I was doing touch n' goes at KFWS training for my commercial single ride. The tower told us the next one had to be to a full stop. I explained that we would just depart the pattern to our home base at KGKY. He said "No, you must do a full stop" I thought we had done something wrong.

As we depart the plane the fueler comes up to our plane and I asked what was going on and he said " We have been atacked by terrorist." I ran inside and their was a bunch of people huddled around a TV and the girl working the counter was crying. One of the guys offered to drive up back. On our way back listening to the radio we heard the Pentagon attack, my instructor (a gulf war vet) looks at me and says "we're going to ####ing war".

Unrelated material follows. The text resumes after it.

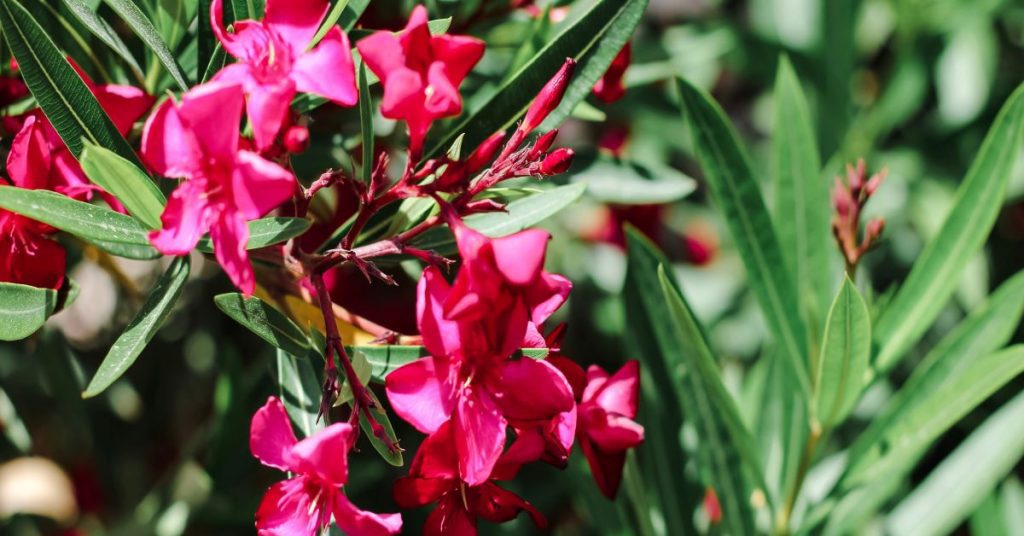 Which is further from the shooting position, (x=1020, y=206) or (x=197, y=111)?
(x=1020, y=206)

You're right, it was like yesterday.

Never forgive, never forget!!


Well-Known Member
Great read. I lost a mentor in the attacks at the pentagon, thought I lost my Mom when tower two fell. She made it out, on the last subway out of Wall, last train out of NY. I finally heard from her 1100 PDT. I was getting ready for work, putting on my uniform, getting ready to drive into work when the first plane hit. I remember driving through the gate, and telling the gate guard he may want to be on alert, our country was under attack. I remember flying a maintenance check flight for one of our airplanes headed to AFG a few days later, I was the only airplane up Seattle Center, it was eerie.


Well-Known Member
Great read. I lost a mentor in the attacks at the pentagon, thought I lost my Mom when tower two fell. She made it out, on the last subway out of Wall, last train out of NY. I finally heard from her 1100 PDT. I was getting ready for work, putting on my uniform, getting ready to drive into work when the first plane hit. I remember driving through the gate, and telling the gate guard he may want to be on alert, our country was under attack. I remember flying a maintenance check flight for one of our airplanes headed to AFG a few days later, I was the only airplane up Seattle Center, it was eerie.
Very interesting story, MJG.

And great post Zap

I was asleep when my one of my college roommates woke me up to the first attack. Few minutes later we watched the impact of the second tower. The room was speechless as the whole thing unfolded. Days went by before any of our classes resembled any sense of normalcy. You just knew that everyone around you had the same confusion and shock that you did.

It's amazing how so many different people with such different lives and perspectives could be drawn together and find common ground through one act of hatred.